Work to complete: Output the full listing below exactly, without the pictures.
---------- Provided data
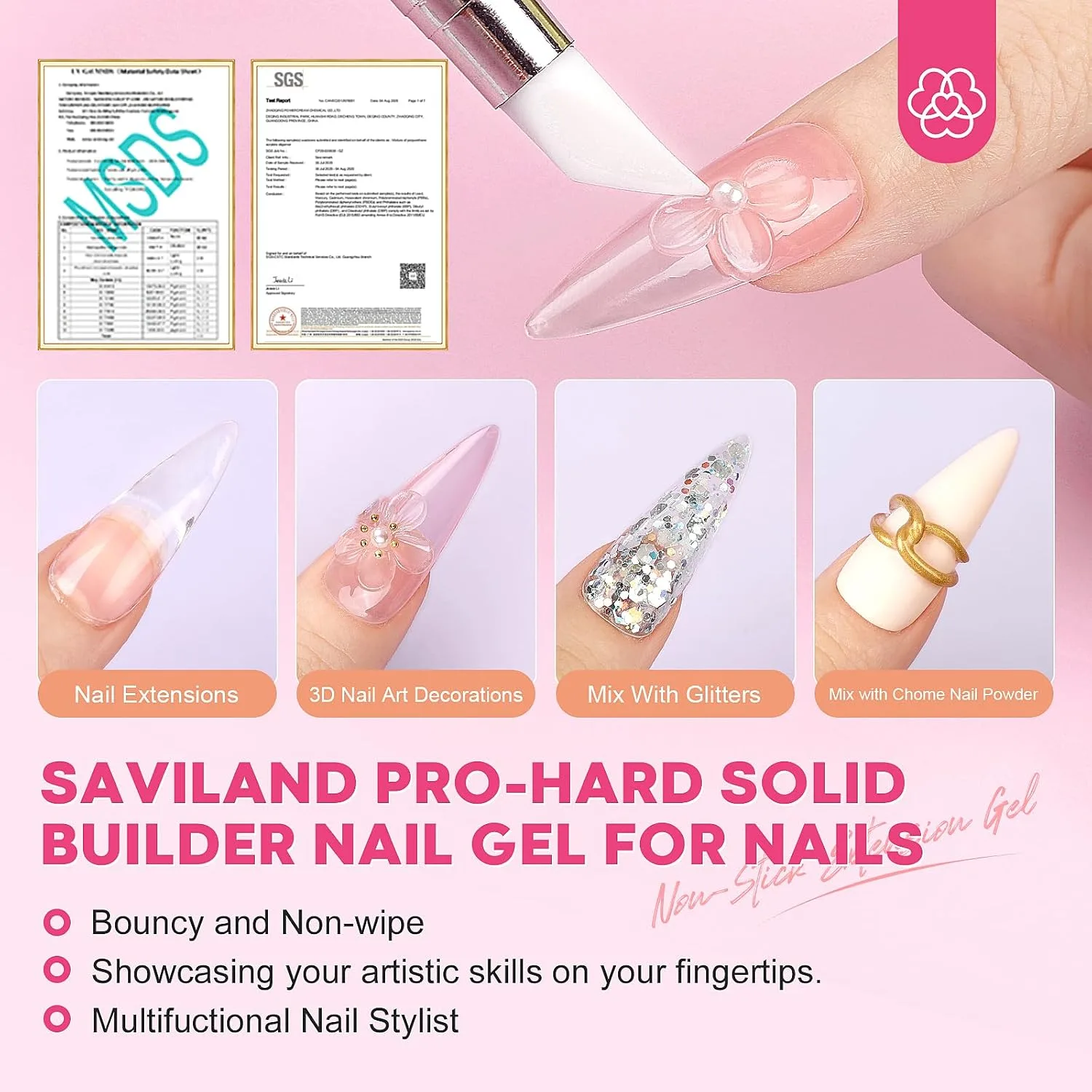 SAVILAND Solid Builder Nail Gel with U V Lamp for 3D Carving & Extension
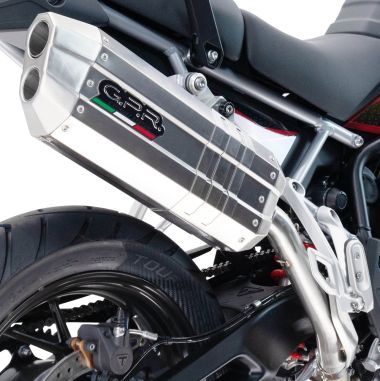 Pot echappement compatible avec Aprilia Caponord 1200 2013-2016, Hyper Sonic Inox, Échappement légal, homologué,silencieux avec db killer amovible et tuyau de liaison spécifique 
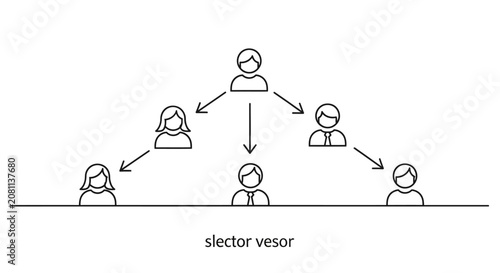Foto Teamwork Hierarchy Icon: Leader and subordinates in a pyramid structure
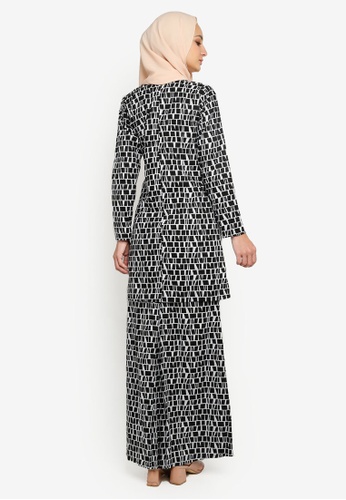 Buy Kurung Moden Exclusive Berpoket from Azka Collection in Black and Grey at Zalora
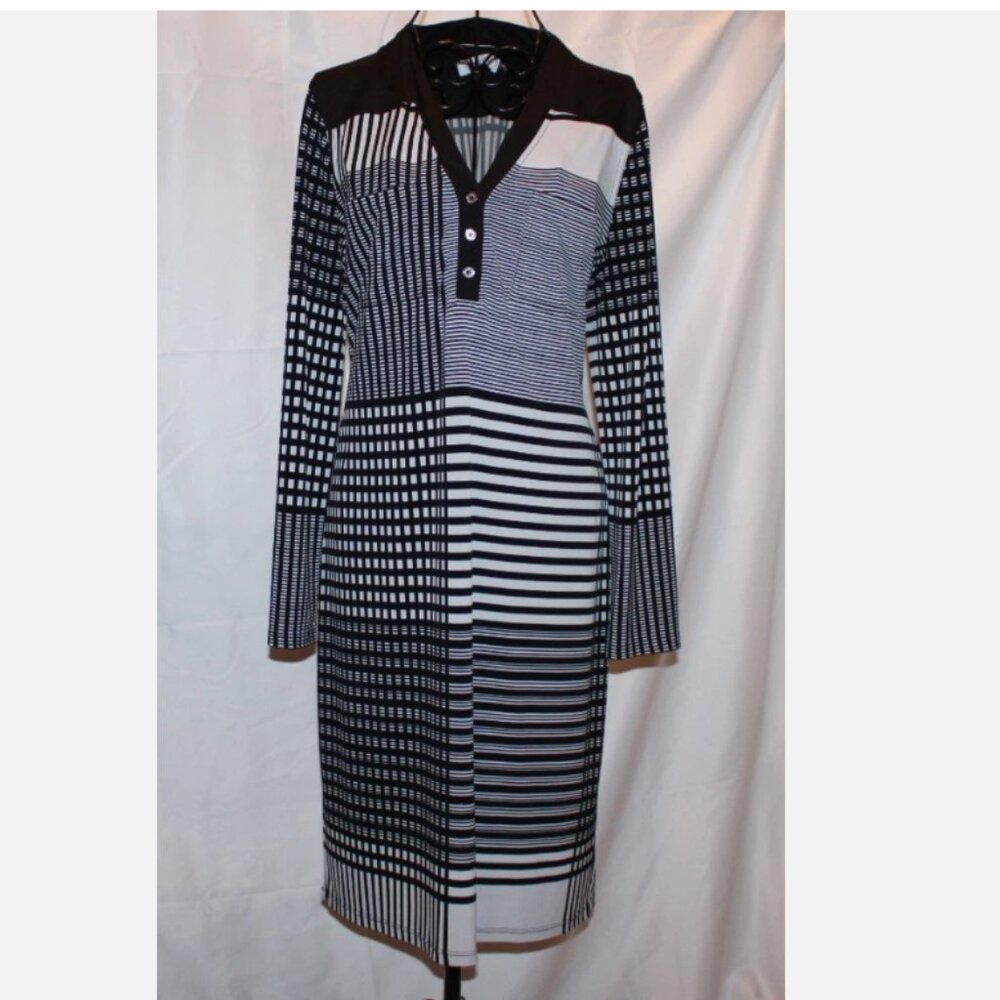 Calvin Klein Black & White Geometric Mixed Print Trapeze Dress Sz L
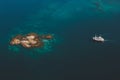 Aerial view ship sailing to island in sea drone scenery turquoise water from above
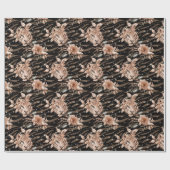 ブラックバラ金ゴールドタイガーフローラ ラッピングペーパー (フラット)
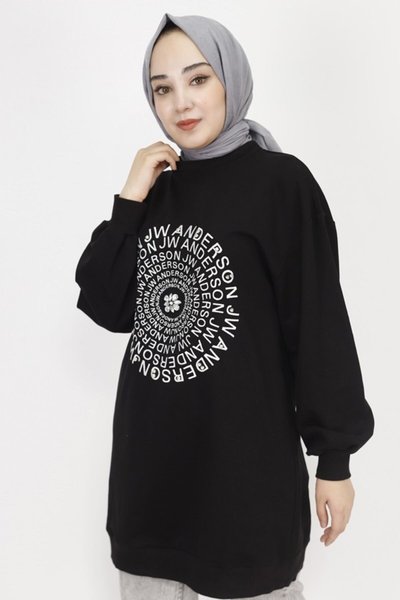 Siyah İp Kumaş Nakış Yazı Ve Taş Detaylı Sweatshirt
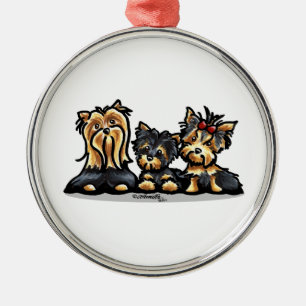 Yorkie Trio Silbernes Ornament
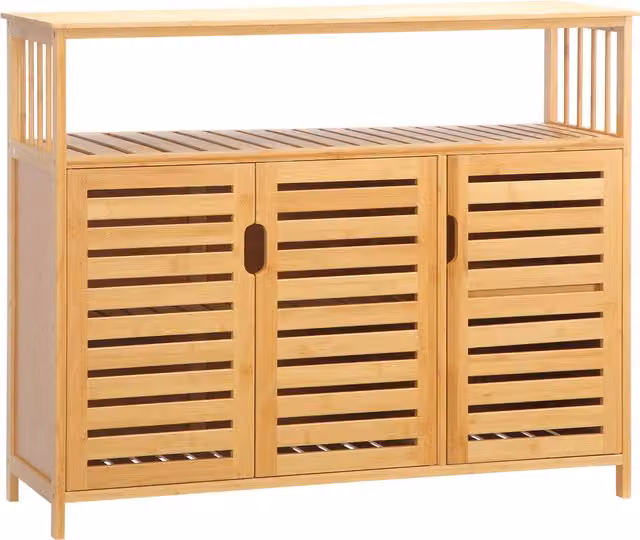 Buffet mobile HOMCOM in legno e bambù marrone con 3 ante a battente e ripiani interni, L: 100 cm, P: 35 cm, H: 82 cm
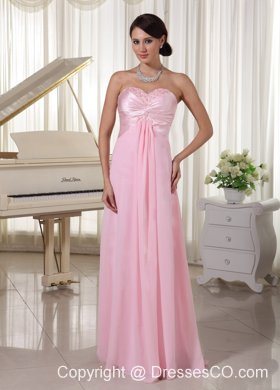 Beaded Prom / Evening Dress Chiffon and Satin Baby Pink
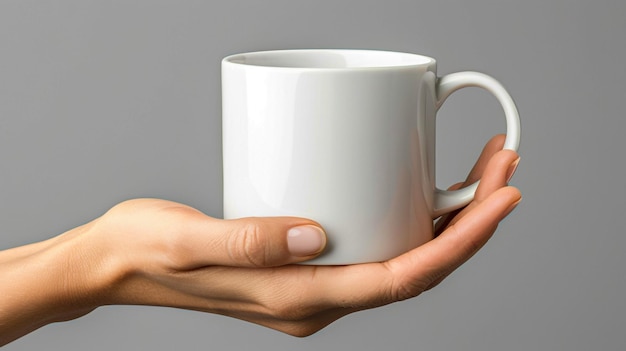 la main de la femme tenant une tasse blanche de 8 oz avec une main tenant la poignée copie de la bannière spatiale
--------------------
Result of the exercise:
 SAVILAND Solid Builder Nail Gel with U V Lamp for 3D Carving & Extension
 Pot echappement compatible avec Aprilia Caponord 1200 2013-2016, Hyper Sonic Inox, Échappement légal, homologué,silencieux avec db killer amovible et tuyau de liaison spécifique 
Foto Teamwork Hierarchy Icon: Leader and subordinates in a pyramid structure
 Buy Kurung Moden Exclusive Berpoket from Azka Collection in Black and Grey at Zalora
 Calvin Klein Black & White Geometric Mixed Print Trapeze Dress Sz L
 Aerial view ship sailing to island in sea drone scenery turquoise water from above
 ブラックバラ金ゴールドタイガーフローラ ラッピングペーパー (フラット)
 Siyah İp Kumaş Nakış Yazı Ve Taş Detaylı Sweatshirt
 Yorkie Trio Silbernes Ornament
 Buffet mobile HOMCOM in legno e bambù marrone con 3 ante a battente e ripiani interni, L: 100 cm, P: 35 cm, H: 82 cm
 Beaded Prom / Evening Dress Chiffon and Satin Baby Pink
 la main de la femme tenant une tasse blanche de 8 oz avec une main tenant la poignée copie de la bannière spatiale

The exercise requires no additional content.